2. Description of the Prior Art
U.S. Pat. No, 2,093,040 to Eckert relates to a tempering process that may be considered as involving two steps. In the first step, the glass sheet is cooled as quickly as possible by cooling medium to a temperature which lies at or near or somewhat below the annealing temperature of the glass to be hardened, i.e., that temperature at and below which the temporary stresses are mainly developed. After attaining this temperature state, the sheet is further cooled by cooling medium at a slower rate. U.S. Pat. No. 3,223,507 to Thomas discloses a two-step operation in which the temperature of the supporting gas and that of the heat source above the glass is lowered immediately before the glass is exposed to cooling medium in the form of the flow of quenching air that is impinged upon the heated sheet to temper it. The Thomas disclosure concerns a two-step heating operation prior to the cooling step.
U.S. Pat. No. 3,847,580 to Misson discloses a two-step cooling operation during tempering of glass sheets to reduce the frequency of glass breakage by conducting the cooling operation in steps of which the first is the most severe and the others are accordingly less severe but still such as not to permit untempering of the surfaces of the glass.
U.S. Pat. No. 3,881,907 to Starr covers a two-stage cooling operation for tempering in which glass is first cooled by cooling medium in the form of gas previously cooled in a vortex tube during a first stage of cooling at a rate of flow sufficient to at least temporarily harden and increase the resistance of the surface of the glass sheet to deformation followed by a second stage of cooling the glass sheet with additional cooling medium in the form of gas not previously cooled.

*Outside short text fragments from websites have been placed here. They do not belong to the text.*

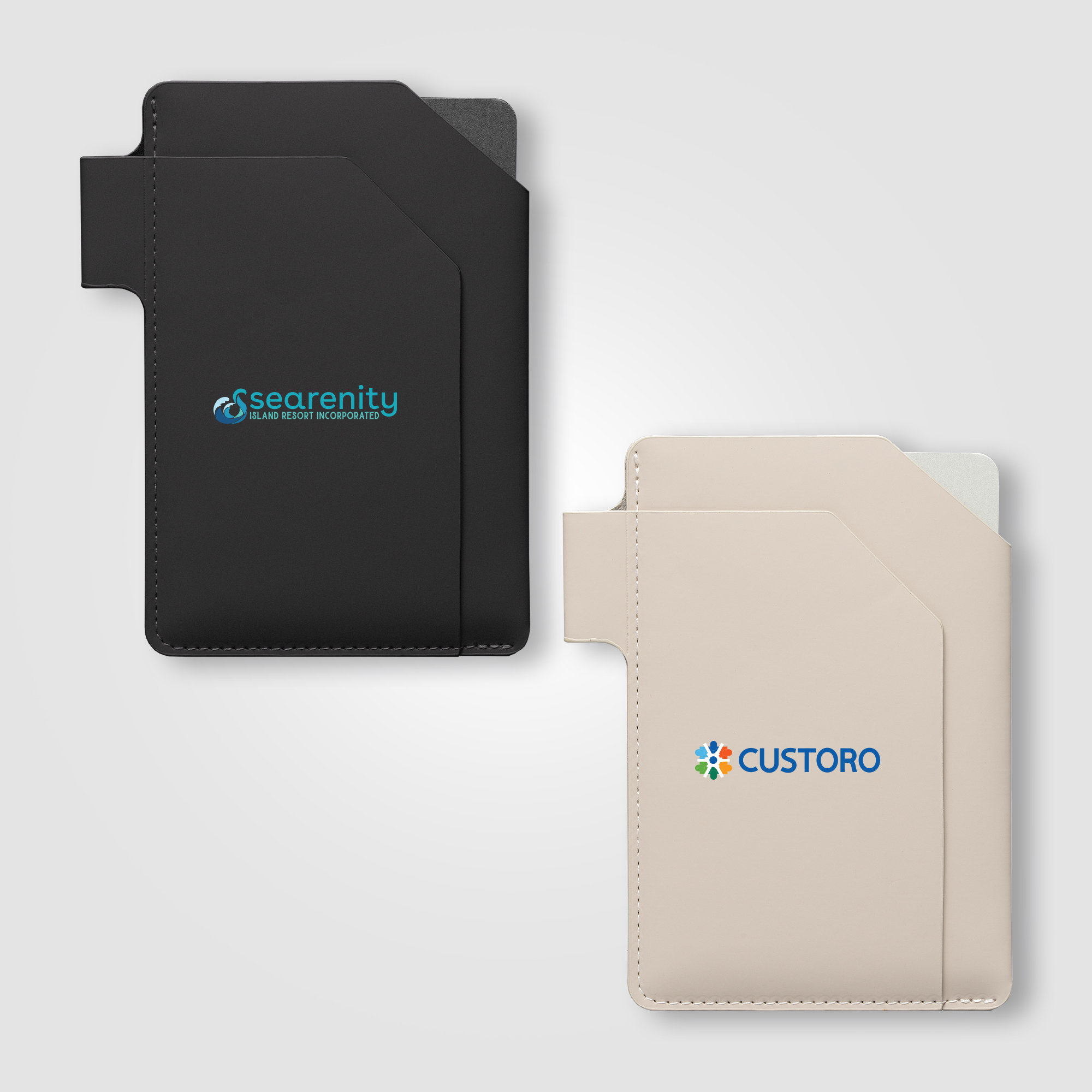 Malmö PU Passport Holder Set - A6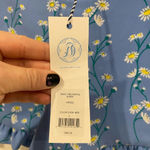 Draper James NWT  Daisy Vine Ruffle Shorts Size 2 Photo 2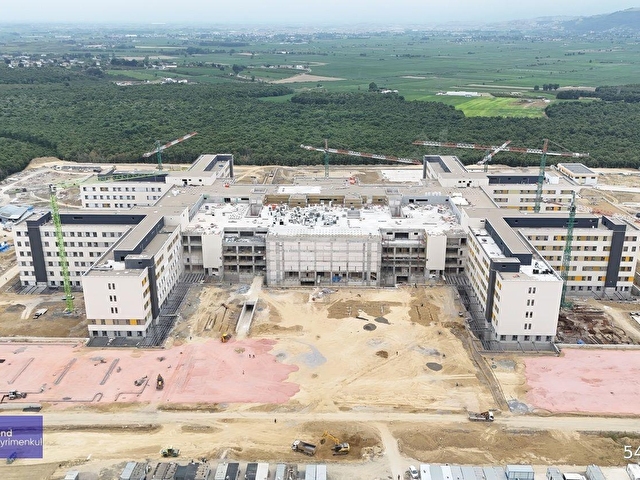 SAKARYA SERDİVAN ŞEHİR HASTANESİNE YAKIN SATILIK ARAZİ
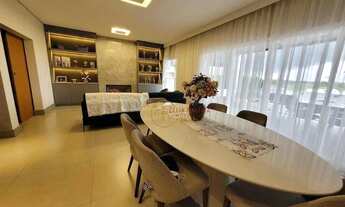 Imagem 6: Sobrado com 4 suítes à venda, 350 m² por R$ 3.990.000 - Condomínio Residencial Alphaville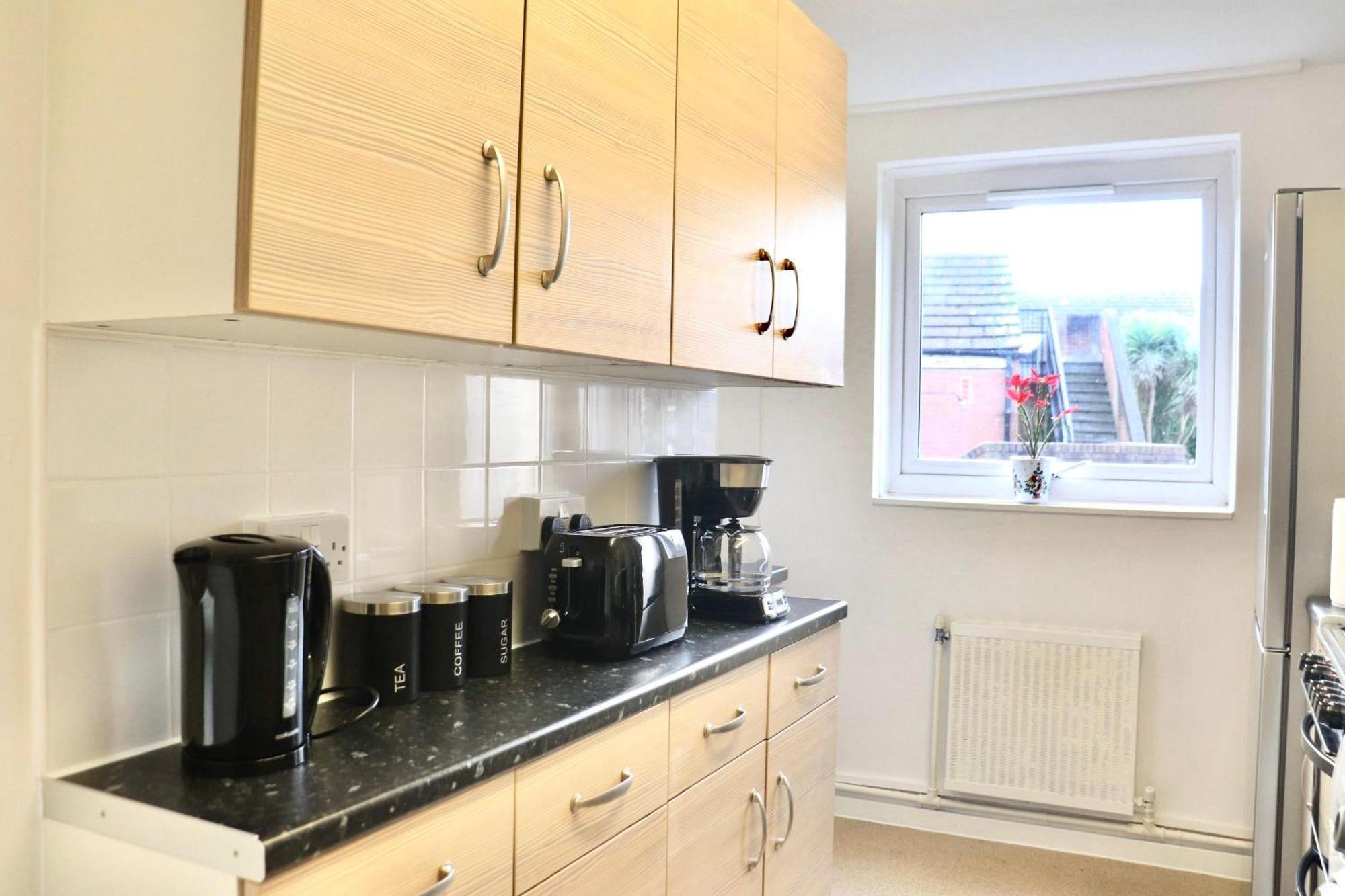 Stunning Apartment, Sleeps 4, Central London, 1 Bedroom, Zone 1, Kennington - Open For Business Stays, Long Stays And Families Relocating Exterior photo
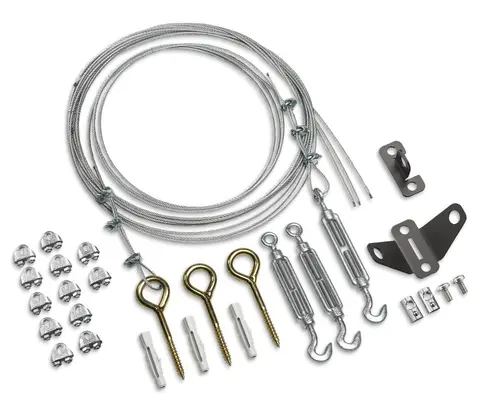 PUA 9510 Stabilization Kit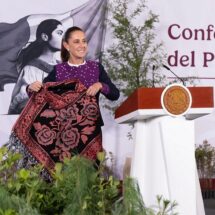 Presidenta Claudia Sheinbaum presenta la Jornada Nacional de Reforestación 2026; se realizará el próximo domingo 9 de agosto y se plantarán 6.6 millones de árboles y plantas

U.S. Pat. No. 3,883,339 to Michalik and Neely also discloses a multiple-stage cooling operation as part of a glass tempering process in which a sublimable cooling medium is included in the cooling medium applied during a first stage of cooling followed by cooling with a second, less expensive cooling medium, such as air, during the second stage of cooling.

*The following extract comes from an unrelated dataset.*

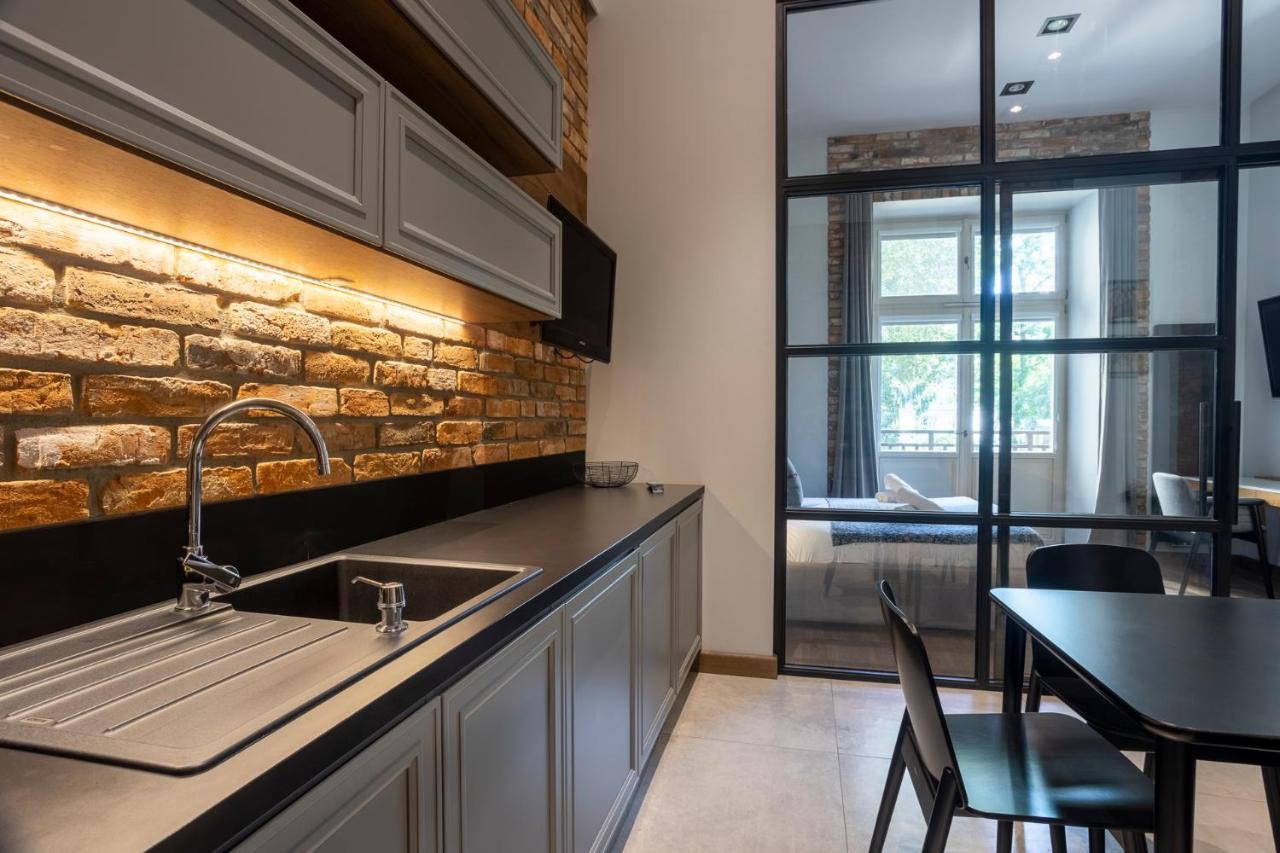 Tyzenhauz Apartments Superior Краков Экстерьер фото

While some of the aforesaid patents resulted in reducing the consumption of energy required to develop a given temper per unit of glass sheet treated, the present energy crisis makes it important to develop further improvements in the glass tempering process over those represented in the aforesaid patents, particularly those that would involve even more efficient use of energy. Furthermore, the application of cooling medium at a relatively rapid rate in the first stage of a multiple-stage cooling operation, believed to be necessary in the tempering of thin glass sheets, causes surface irregularities which provide optical defects in the finished product.